ABOUT THIS EXERCISE >> Without any pictures, print the lines below from the one that has "クレジデンス神谷町 9階ワンルームの間取り" through the one that has "Penthouse: O Que", exactly and nothing else.

DATA SUPPLIED >>
§
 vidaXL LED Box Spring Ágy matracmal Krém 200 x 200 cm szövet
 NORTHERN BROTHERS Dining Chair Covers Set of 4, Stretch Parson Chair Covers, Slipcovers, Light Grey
§
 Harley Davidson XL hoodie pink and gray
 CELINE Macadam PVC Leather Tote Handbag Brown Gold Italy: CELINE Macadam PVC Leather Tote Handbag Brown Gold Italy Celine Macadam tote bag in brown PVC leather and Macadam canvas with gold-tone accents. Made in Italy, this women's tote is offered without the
§
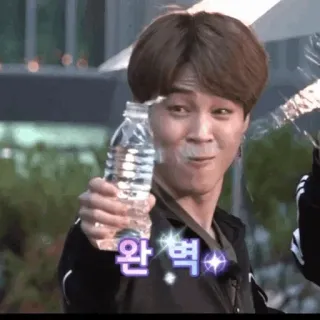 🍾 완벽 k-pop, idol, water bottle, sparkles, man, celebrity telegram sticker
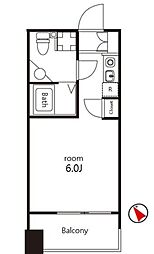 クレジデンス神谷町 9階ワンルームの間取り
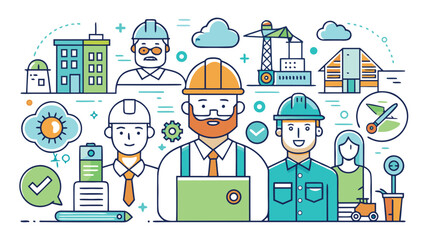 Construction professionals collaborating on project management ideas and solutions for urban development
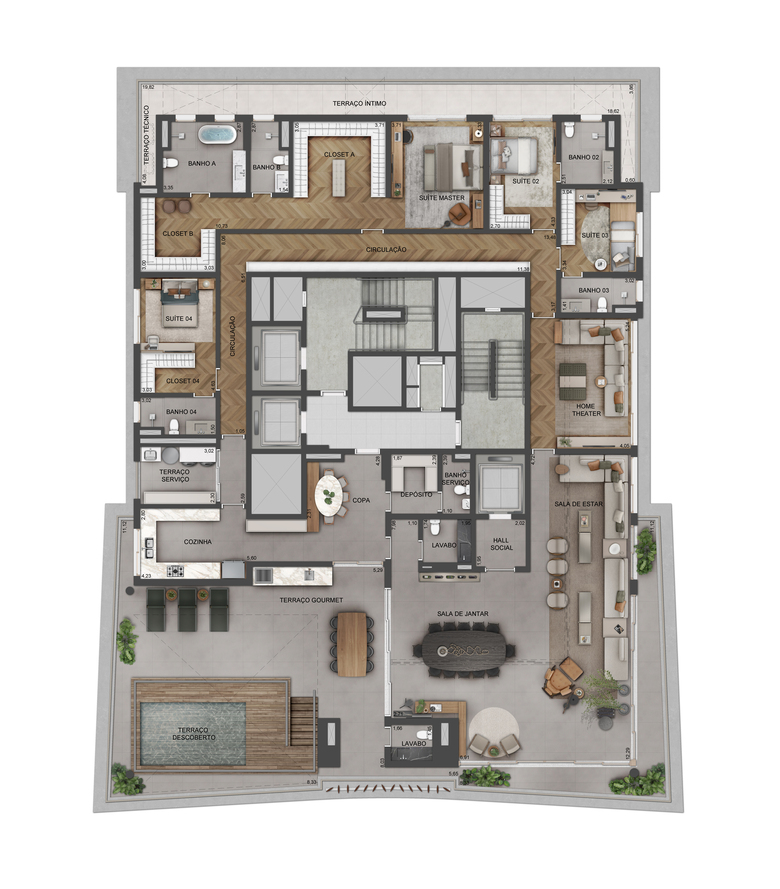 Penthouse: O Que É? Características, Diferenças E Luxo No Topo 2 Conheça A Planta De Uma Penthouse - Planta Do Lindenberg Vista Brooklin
§
ANSWER SPACE >>
 クレジデンス神谷町 9階ワンルームの間取り
 Construction professionals collaborating on project management ideas and solutions for urban development
 Penthouse: O Que É? Características, Diferenças E Luxo No Topo 2 Conheça A Planta De Uma Penthouse - Planta Do Lindenberg Vista Brooklin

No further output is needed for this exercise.